■ Exercise details ■
Within the records below is a range that opens at the line with "X-Flight is a" and closes at the line with "Good evening and". Return that range word for word, both ends included, and only that range.

───

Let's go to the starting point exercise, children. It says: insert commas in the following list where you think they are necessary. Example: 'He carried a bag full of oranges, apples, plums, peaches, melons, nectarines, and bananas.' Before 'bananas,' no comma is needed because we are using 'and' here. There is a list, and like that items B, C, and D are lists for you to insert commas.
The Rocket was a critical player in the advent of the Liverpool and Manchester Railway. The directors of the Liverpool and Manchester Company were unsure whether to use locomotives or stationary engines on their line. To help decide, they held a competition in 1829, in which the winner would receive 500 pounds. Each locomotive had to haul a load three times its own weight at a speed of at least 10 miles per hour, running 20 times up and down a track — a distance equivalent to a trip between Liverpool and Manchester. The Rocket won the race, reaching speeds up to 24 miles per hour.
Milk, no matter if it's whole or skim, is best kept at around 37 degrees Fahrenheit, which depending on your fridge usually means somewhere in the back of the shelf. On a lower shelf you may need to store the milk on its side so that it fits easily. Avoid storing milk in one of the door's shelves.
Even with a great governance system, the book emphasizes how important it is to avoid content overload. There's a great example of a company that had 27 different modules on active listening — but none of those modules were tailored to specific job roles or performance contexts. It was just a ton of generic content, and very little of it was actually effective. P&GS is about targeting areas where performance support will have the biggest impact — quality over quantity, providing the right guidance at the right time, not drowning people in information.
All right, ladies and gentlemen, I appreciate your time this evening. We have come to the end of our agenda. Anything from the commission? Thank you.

───

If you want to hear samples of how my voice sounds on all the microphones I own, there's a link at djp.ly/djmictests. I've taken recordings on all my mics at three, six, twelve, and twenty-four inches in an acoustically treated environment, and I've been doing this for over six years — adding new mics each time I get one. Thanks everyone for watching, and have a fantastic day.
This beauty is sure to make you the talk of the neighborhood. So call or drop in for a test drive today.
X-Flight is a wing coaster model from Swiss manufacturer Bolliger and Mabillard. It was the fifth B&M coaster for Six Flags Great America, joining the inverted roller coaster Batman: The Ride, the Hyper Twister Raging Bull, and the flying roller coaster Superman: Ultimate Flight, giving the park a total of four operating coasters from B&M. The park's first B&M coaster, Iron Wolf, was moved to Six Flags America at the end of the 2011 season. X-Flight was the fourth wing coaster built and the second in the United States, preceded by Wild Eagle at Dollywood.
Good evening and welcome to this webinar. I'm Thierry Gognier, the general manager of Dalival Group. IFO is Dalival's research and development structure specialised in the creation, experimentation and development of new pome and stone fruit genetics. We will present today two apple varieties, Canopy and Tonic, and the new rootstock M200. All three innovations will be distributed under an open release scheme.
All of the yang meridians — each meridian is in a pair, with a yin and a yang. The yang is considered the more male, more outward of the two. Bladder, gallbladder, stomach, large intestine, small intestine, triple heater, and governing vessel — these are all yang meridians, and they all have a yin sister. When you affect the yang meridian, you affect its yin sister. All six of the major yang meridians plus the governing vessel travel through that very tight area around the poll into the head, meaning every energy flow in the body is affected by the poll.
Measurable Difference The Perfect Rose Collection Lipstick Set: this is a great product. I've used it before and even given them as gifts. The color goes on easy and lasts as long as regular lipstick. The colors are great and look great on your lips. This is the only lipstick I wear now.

───

■ Task answer ■
X-Flight is a wing coaster model from Swiss manufacturer Bolliger and Mabillard. It was the fifth B&M coaster for Six Flags Great America, joining the inverted roller coaster Batman: The Ride, the Hyper Twister Raging Bull, and the flying roller coaster Superman: Ultimate Flight, giving the park a total of four operating coasters from B&M. The park's first B&M coaster, Iron Wolf, was moved to Six Flags America at the end of the 2011 season. X-Flight was the fourth wing coaster built and the second in the United States, preceded by Wild Eagle at Dollywood.
Good evening and welcome to this webinar. I'm Thierry Gognier, the general manager of Dalival Group. IFO is Dalival's research and development structure specialised in the creation, experimentation and development of new pome and stone fruit genetics. We will present today two apple varieties, Canopy and Tonic, and the new rootstock M200. All three innovations will be distributed under an open release scheme.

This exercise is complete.